Skip to content

Sparv Concepts

This section provides an overview of the key concepts and components of Sparv, including the corpus directory structure, configuration files, annotations, annotators, modules, and plugins. Some of these concepts are explained in more detail in other sections of the user manual.

Corpus Directory

Each corpus that you want to process with Sparv needs to be stored in a separate directory. This directory is referred to as a corpus directory. A corpus directory contains a corpus configuration file (config.yaml) and a directory with source files. The source files are the documents to be annotated, in a format that Sparv can process, such as XML or plain text.

The corpus directory structure and source file requirements are described in more detail in the Preparing Your Corpus section.

Configuration File

The configuration file (config.yaml) specifies the desired annotations, export formats, and other processing instructions for Sparv. The existence of a configuration file is what makes a directory a corpus directory, and most Sparv commands won't work without it.

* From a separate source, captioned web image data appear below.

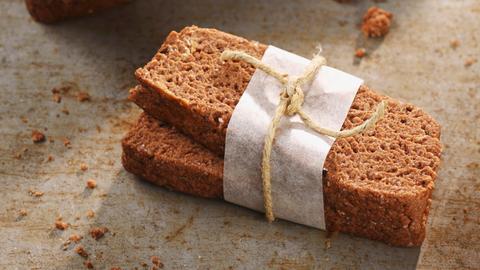 Zusammengebunde Financiers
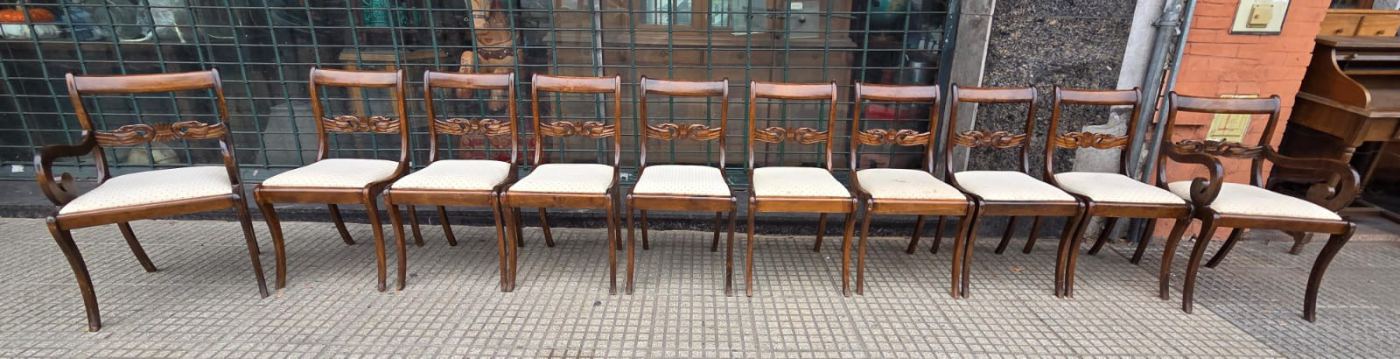 8 sillas y 2 sillones 46 x 47 y 47 x 90 alto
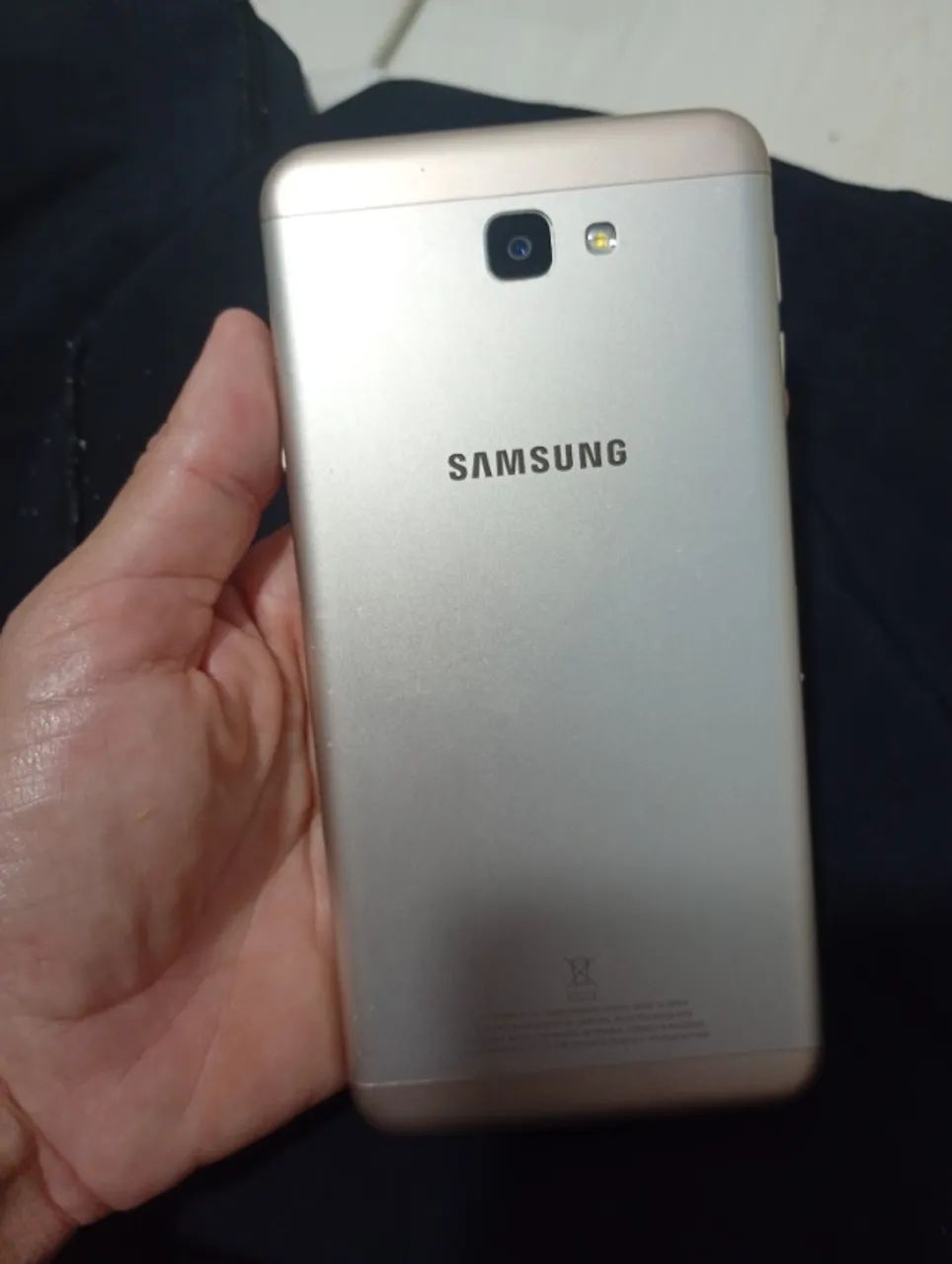 Celular Samsung J7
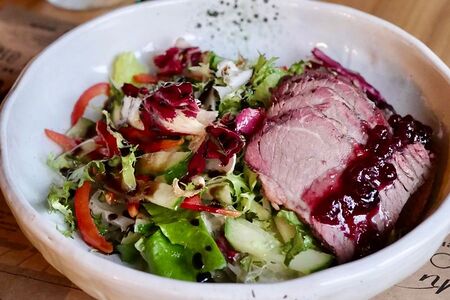 Микс салат с говядиной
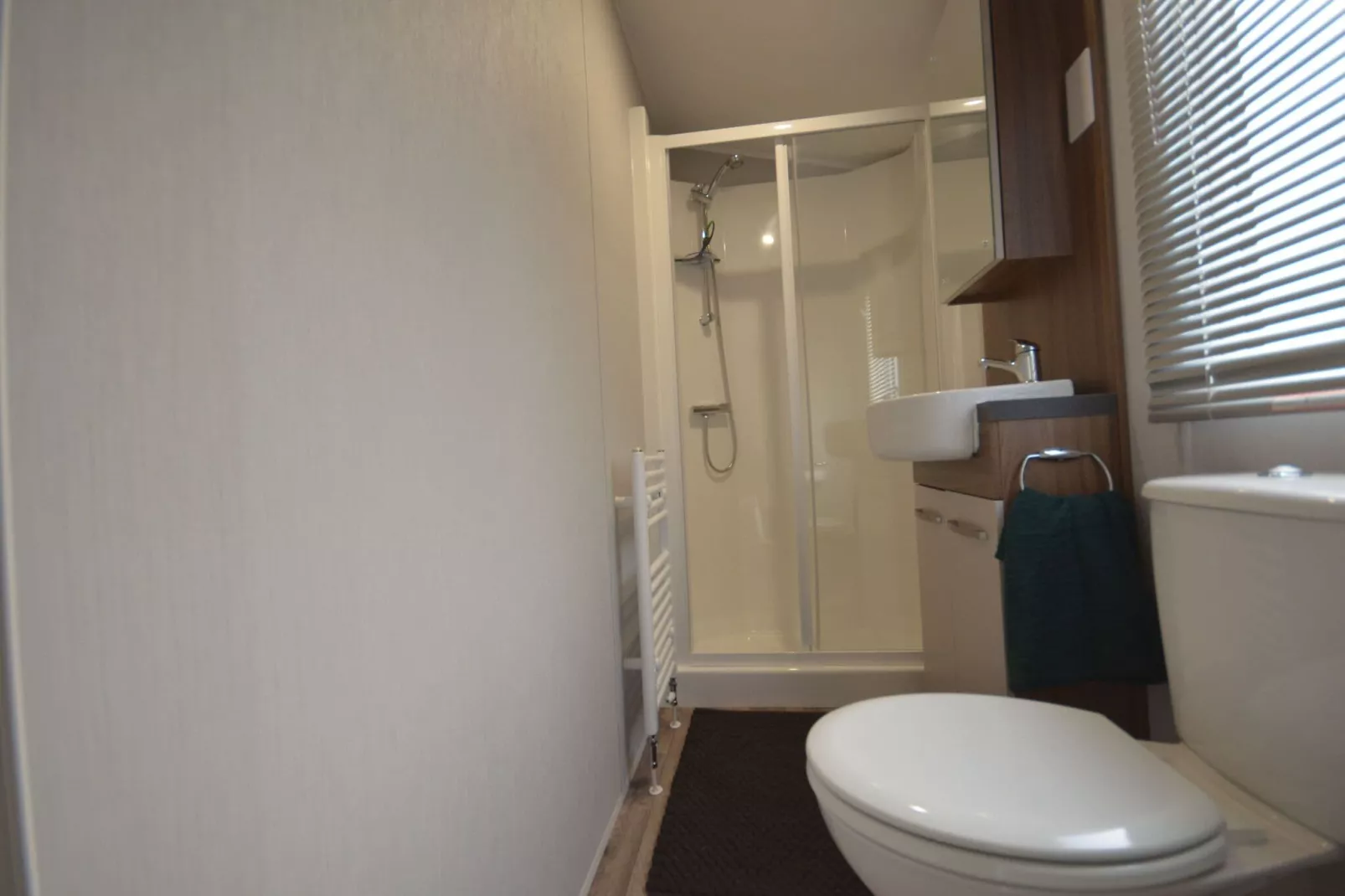 Recreatiepark Wiringherlant - Wiringher Chalet 83-Bathroom
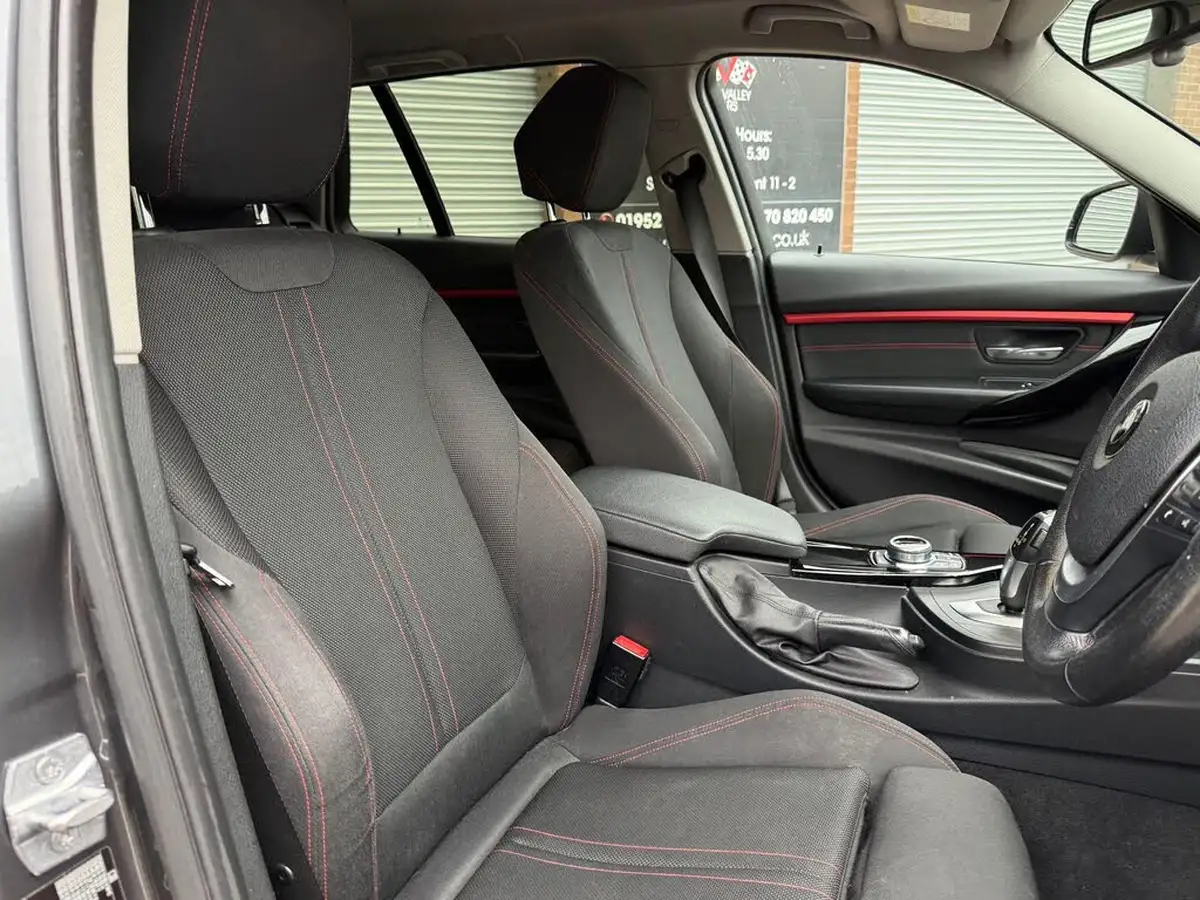 2017-bmw-3-series-15-318i-sport-touring-5d-auto-big-35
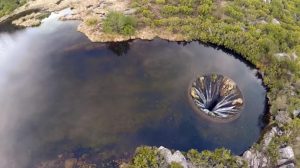 el-misterioso-agujero-del-lago-portugues-conchos-por-el-desaparecen-miles-de-litros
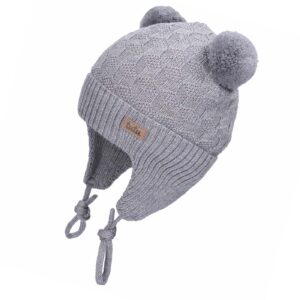 Lorveron knitted hat with pompoms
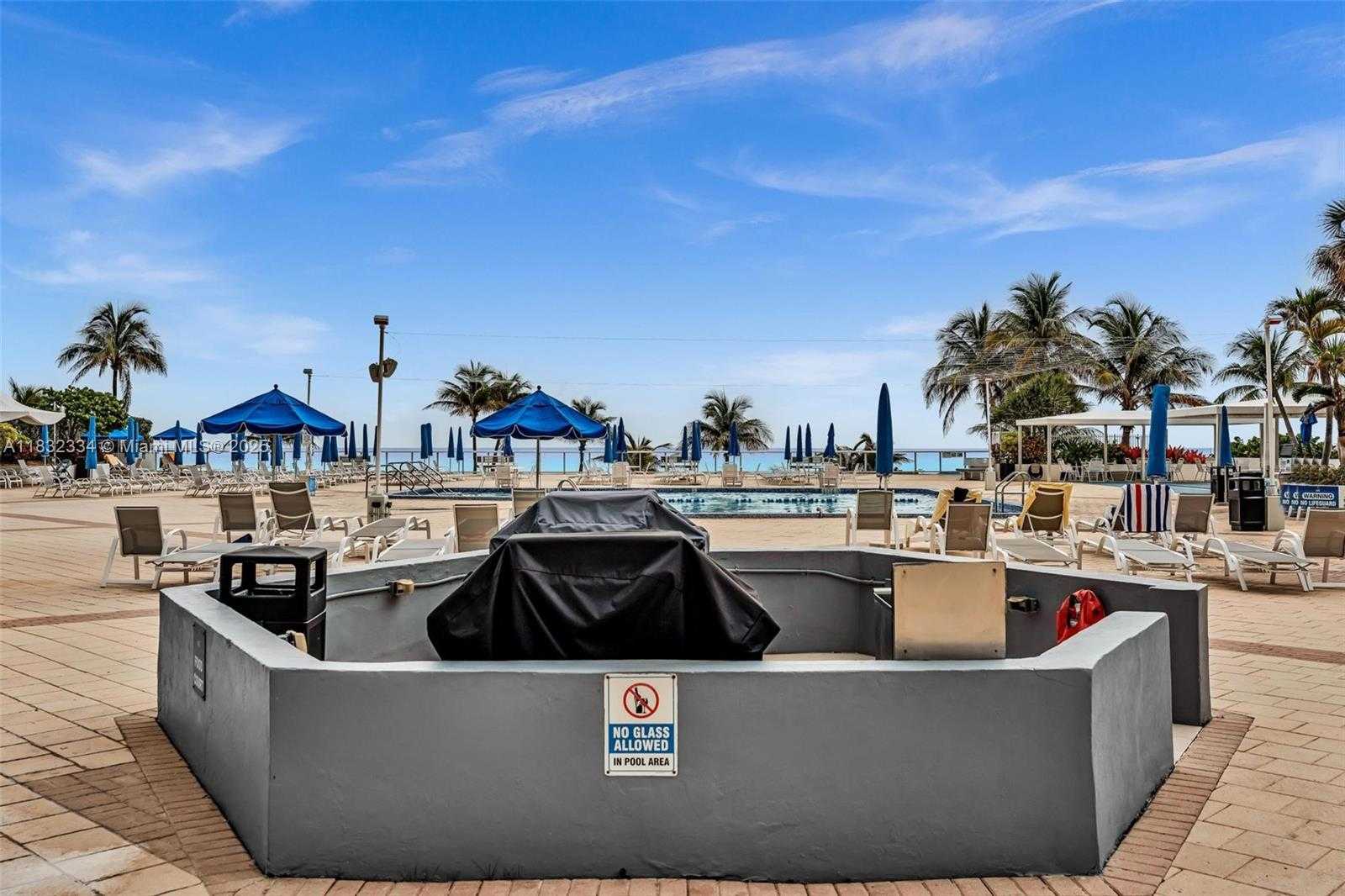 Small Image of 2030 SOUTH OCEAN DR #414, Hallandale Beach Number 11
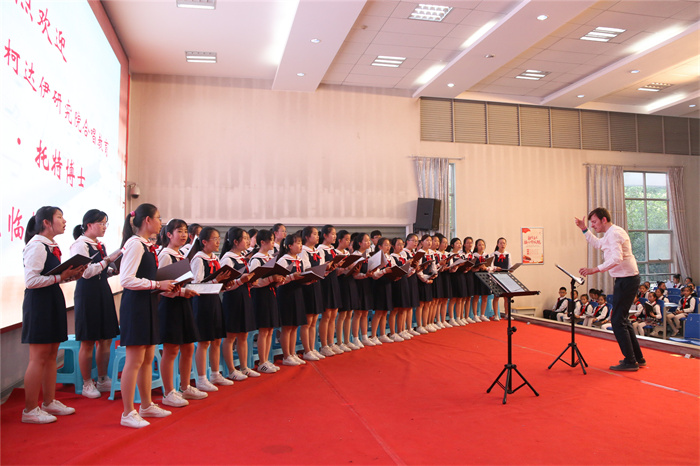 匈牙利阿帕德•托特博士指导合唱训练 匈牙利阿帕德•托特博士指导合唱训练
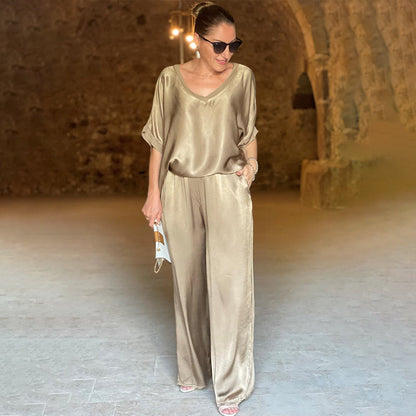 Effortlessly Elegant Garment with a Timeless Design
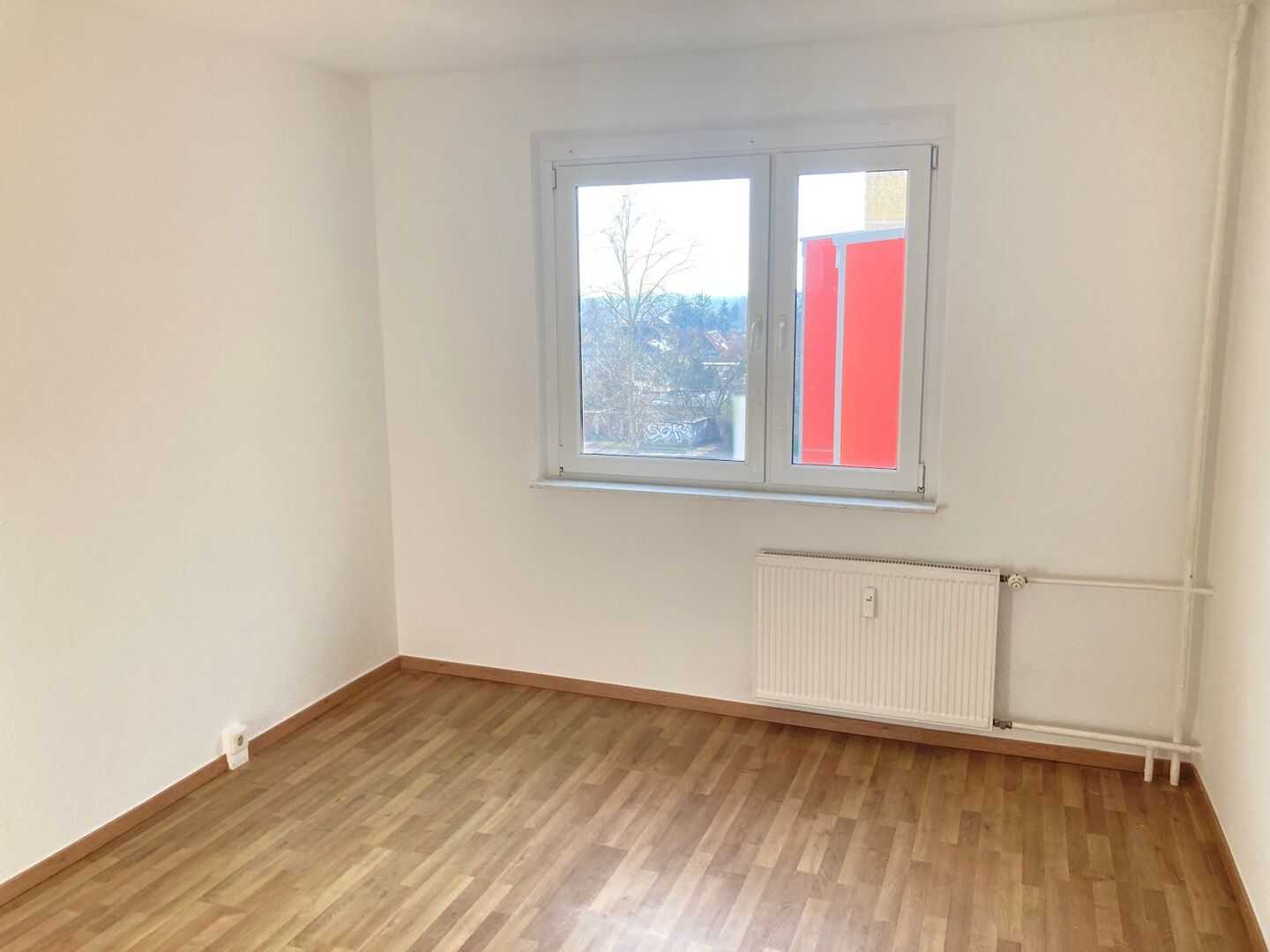 Große 3RW mit Balkon... – Magdeburg – Vorschaubild 2
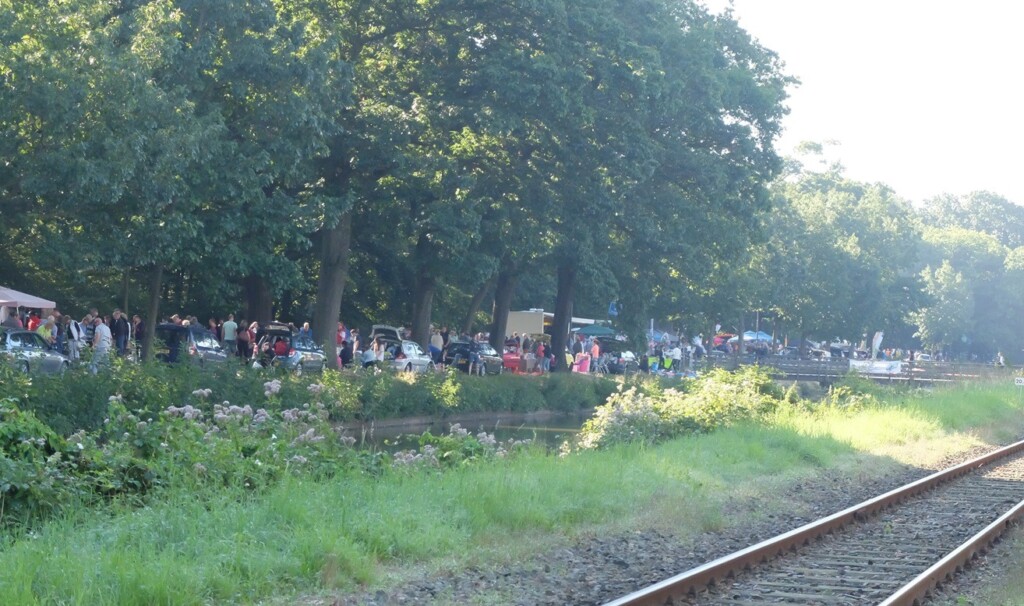 Kofferbakmarkt langs kanaal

The configuration file is written in YAML format. For a detailed guide on creating corpus configuration files, refer to the Corpus Configuration section.

Modules and Plugins

Modules are the building blocks of Sparv, each responsible for a specific part of the annotation process. Modules contain one or more processors, of which there are several types: importers for reading source files, annotators for analyzing the text and adding annotations, exporters for saving the results, and more.

Sparv comes with a set of built-in modules that cover the entire workflow from importing text data, annotating it with linguistic features, exporting the results in different formats, to deploying the annotated corpus.

Plugins are external modules that extend Sparv's functionality. They can be used to add support for additional third-party tools, custom annotations, or other features that are not part of the Sparv core. Writing plugins is covered in the Developer's Guide.

Annotations and Annotators

Annotations are the linguistic features that Sparv adds to the text. Annotators are a type of processor that adds annotations to the text. Examples of annotations include part-of-speech tags, lemmas, named entities, and syntactic structures.

How to specify which annotations to add to your corpus is described in the Corpus Configuration section. For a list of available annotations and annotators, run the sparv modules command, as described in the Running Sparv section. You can also find a list of available annotations in the Available Analyses section in the documentation.